The Office: Customer Survey

It was dark, funny, subtle, and completely relatable. This was the best episode of the last few seasons. Definitely a return to the longing tone of Season 2 and the original British show. The Office can be disappointing at times, but this is the sort of episode that redeems it, proving that it has an amazing writing staff and great acting.

The End of the GOP Ticket

I feel bad for John McCain. I think he’s a great person who’s done great things. On the trail he had to concede some of his McCain-ness (I’d like to avoid that other M-word which became meaningless as soon as the whole GOP started to embrace it) and I definitely don’t agree with him on most policy issues.

But, he was the best Republican candidate in my lifetime, and maybe the last Rockefeller Republican the GOP will run for a long time. Unfortunately he ran against the best Democratic candidate in a lifetime.

His running mate on the other hand… you know the drill.

And when McCain and Palin split up in Arizona Wednesday, the personal differences were stark.

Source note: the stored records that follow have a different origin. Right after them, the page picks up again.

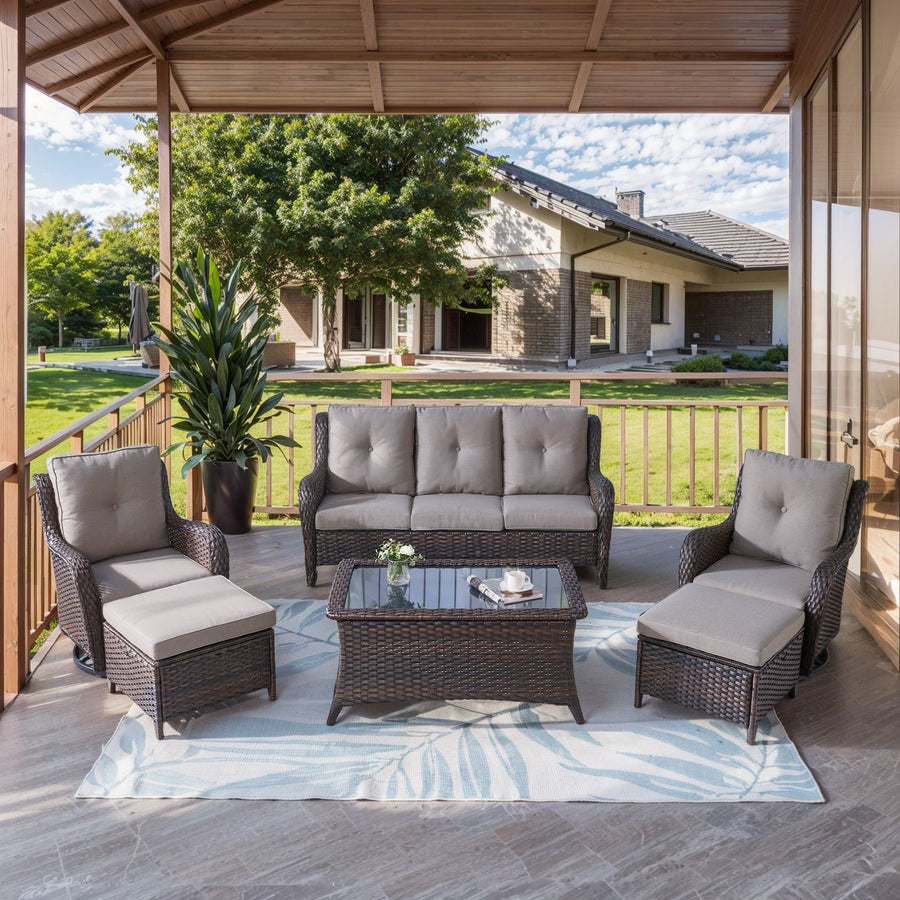 6-Piece Wicker Patio Set, Sofa, Swivel Glider Chairs & Table, NTC Series - Brown Wicker / Grey Cushion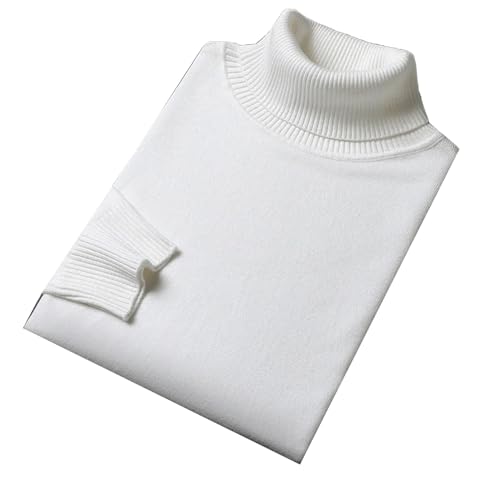 Hgvcfcv Herren Slim Fit Rollkragenpullover Warm Strickpullover Männer Casual Strickwaren Langarm Pullover, weiß, Large von Hgvcfcv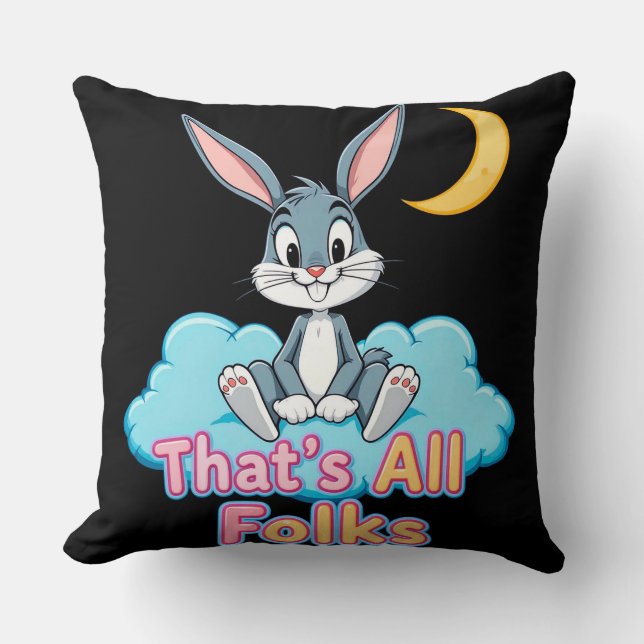 Cartoon Rabbit Sitting on Cloud with Moon Cushion (Front)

McCain drove himself home in a Toyota sport utility vehicle. Palin’s departure was a grander event. She left with an entourage of 18 family members and friends and a Secret Service detail, heading to the airport in a motorcade stretching more than a dozen vehicles, flanked by a dozen more cops on motorcycles.

Hope?

Maybe not so much. As Mike Davis put it:

Second, after the brief Woodstock of an Obama inauguration, millions of hearts will be broken by the administration’s inability to manage mass bankruptcy and unemployment, as well as end the wars in the Middle East.

Trying to Bury Her

Pretty great to finally hear all of the dirty details from inside the McCain campaign about Palin. Check out this Fox News interview with Carl Cameron, where he reveals that Palin apparently thought Africa was a country and didn’t know which countries were involved in NAFTA:

On the odious subject of Sarah Palin:

The Obama campaign was provided with reports from the Secret Service showing a sharp and disturbing increase in threats to Obama in September and early October, at the same time that many crowds at Palin rallies became more frenzied. Michelle Obama was shaken by the vituperative crowds and the hot rhetoric from the GOP candidates. “Why would they try to make people hate us?” Michelle asked a top campaign aide.

What Next for the Struggle in the Obama Era?

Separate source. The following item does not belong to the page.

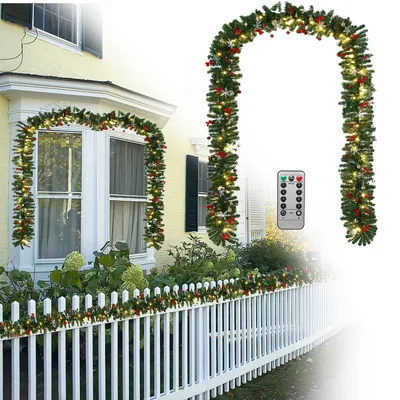 Immagine prodotto di TolleTour ghirlanda natalizia ghirlanda di abete decorazione natalizia interna ed esterna ghirlanda artificiale 5m 100 LED con decorativo + telecomando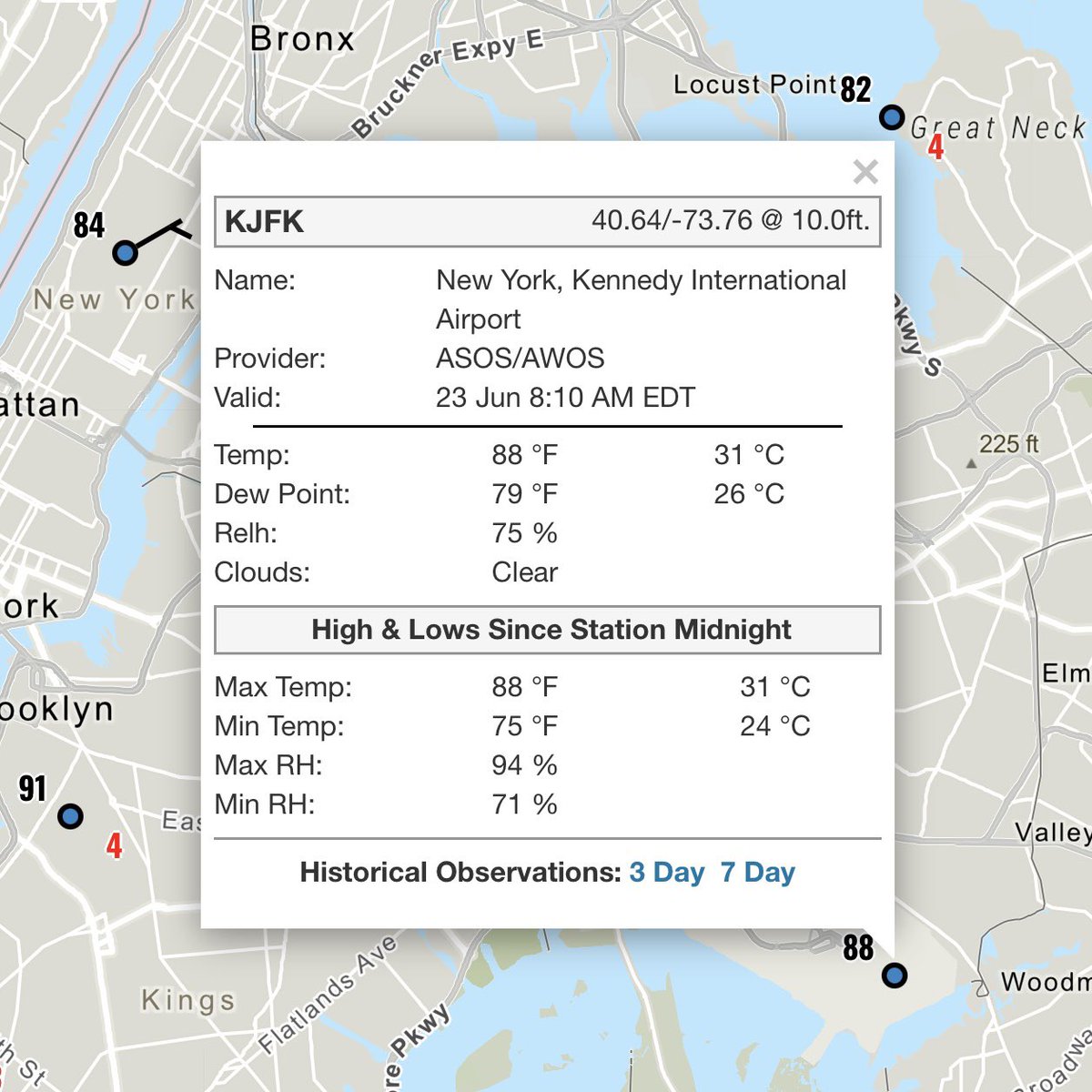 Allan Nosoff (@awxnyc) on Twitter photo This is ABSURD! 🌡️🥵
It’s 8AM and it already FEELS like 103° at <a href="/JFKairport/">John F. Kennedy Airport</a>. That’s what 88° with a 79° dew point does. Swamp-like heat! This is ABSURD! 🌡️🥵
It’s 8AM and it already FEELS like 103° at <a href="/JFKairport/">John F. Kennedy Airport</a>. That’s what 88° with a 79° dew point does. Swamp-like heat!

Thoughts from Howard Zinn, Mike Davis, Tariq Ali, and a bunch of other prominent socialist thinkers on Obama’s victory and its implications for the future of progressive politics, workers’ rights, etc. Definitely worth checking out.

Bob Dylan on The Election

“I was born in 1941,” he said, a wavering sentimentality in his scratchy voice. “That was the year they bombed Pearl Harbor. I’ve been living in darkness ever since. It looks like things are going to change now.”

If Bob says so, it’s good enough for me.

Chickens Coming Home to Roost

Matthew Yglesias:

Early word on the shape of the Obama administration:

  1. Chief of Staff: Jeremiah Wright
  2. Secretary of State: Rashid Khalidi
  3. Secretary of Defense: Bill Ayers
  4. Attorney-General: Bernardine Dohrn
  5. Secretary of the Treasury: Tony Rezko

Obviously, that still leaves a lot of posts to be filled, but the feeling is that given the current state of crisis in the country the new administration needs to act swiftly to fill the major jobs and these are them.

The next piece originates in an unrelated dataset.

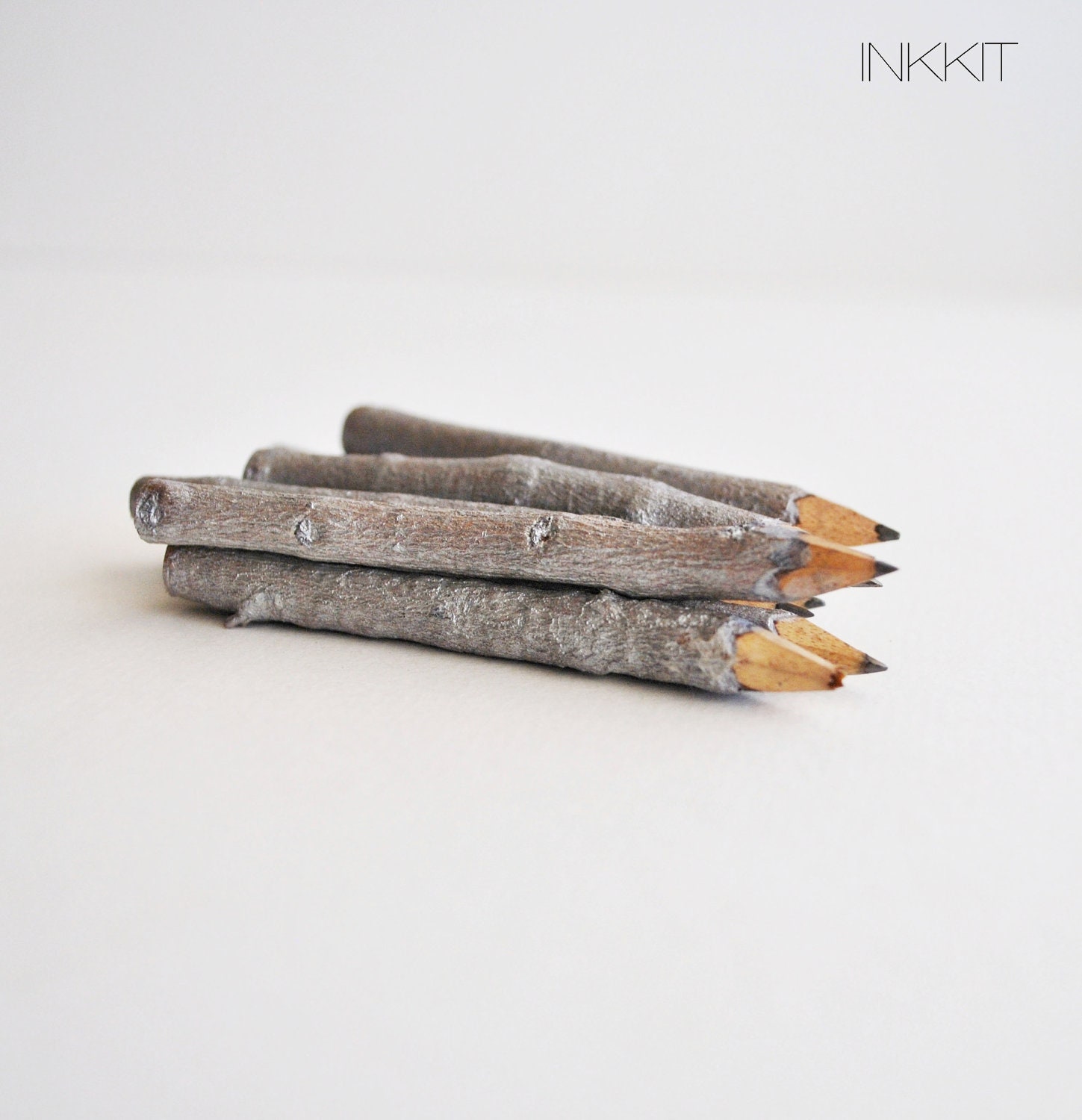 Bulk- silver twig pencils hand painted - 4" (50 pencils) - inkkit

“America the Conservative”

So last night I tried really hard to write a post explaining how there needed to be two victories, one at the level of reality (being elected president) and one at the level of the symbolic. The latter ought to be understood in good-old Maoist terms as how we should “properly think” of this victory: what is its meaning? The forces of the Right, predicting a McCain defeat for some time, have already been mustering the resources to try and make it seem, as ridiculous as it sounds to those on the Left, that an Obama victory somehow “proves” the notion that America is a “conservative nation” at heart, whatever that means.